Now, I'm not a big television fan to start with, but "The Tony Danza Show," premiering September 13 in national syndication, may very well be the reason I didn't hyperventilate last Friday after the final episode of "The Late Late Show With Craig Kilborn" (more on that later). Craiggers, I'm going to miss the crap out of you, but let's face facts: Tony Miceli plus daytime television equals television gold. Heck, it may equal television platinum.
"Angerrrrrrrah!"
***
The Republican Party Web site-yeah, there really is one-is simply the best Internet location this side of those amazing G.I.Joe Public Service Announcements. It's just as ludicrous, too.
Remember that movie "Fahrenheit 9/11?" Yeah, it did okay at the box office. It was no "Angus," but what is? Well, according to www.gop.com, the Web site www.kerryoniraq.com surpassed the viewership for the opening weekend of Michael Moore's infamous documentary.
What they didn't tell you is that the Kerry on Iraq site took four weeks to exceed "Fahrenheit's" opening weekend total, and the Kerry on Iraq site is free.

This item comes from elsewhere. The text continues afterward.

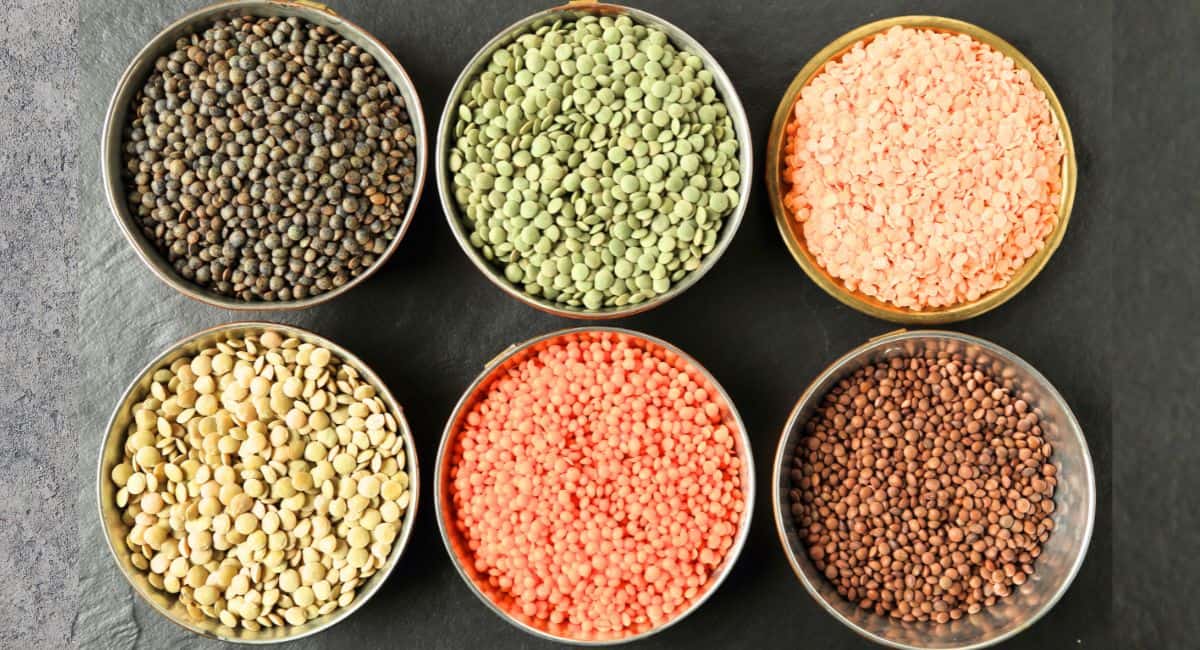 Different color lentils in bowls.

See you in Canada November 3.
***
Three cheers for fat babies on Maury!
***
It is really interesting that you can't go for your master's degree in teaching with an undergraduate degree in psychology with a focus in child development, but you can with a degree in dance. Then again, Mr. Baryshnikov was a heck of an English teacher for me in first grade. He brang good grammer, I seen it first person.
***
Cycling is the new bro-mosh and spandex is the new black hoodie. If 22 isn't too late of a start, consider me the next Lance Armstrong.
***
The VANS Warped Tour at Darien Lake this summer had two of the more stupid ideas in recent history, and I'm not talking about the fact that people still go watch bands like Lars Frederickson and the Bastards play and pay $4.00 for bottled water.
Organizers decided to put down crushed stone on the ground in place of the standard dirt or grass. Although watching kids all bloodied up from "moshing" to Yellowcard and Good Charlotte is hilarious, it simply isn't safe.
Moment No. 2 was a product of the rock ground as well. When the human cannonball landed safely in the net, everyone cheered. No one cheered when one of the four 15-foot long metal support rods snapped from its base and took out a group of angry punks. Well, I mean I laughed, but at that point I knew that no one had died. Clearly this was an idea as lazy and ill-founded as any of Nietzsche's.
***
I miss when Savion Glover was cool.
***
Governor Arnold was simply mind-blowing at the Republican Convention last night. Not only did he use the word "terminator" and the phrase "I'll be back," but he started a chant of "four more years" that went onpainfully longer than it should've lasted.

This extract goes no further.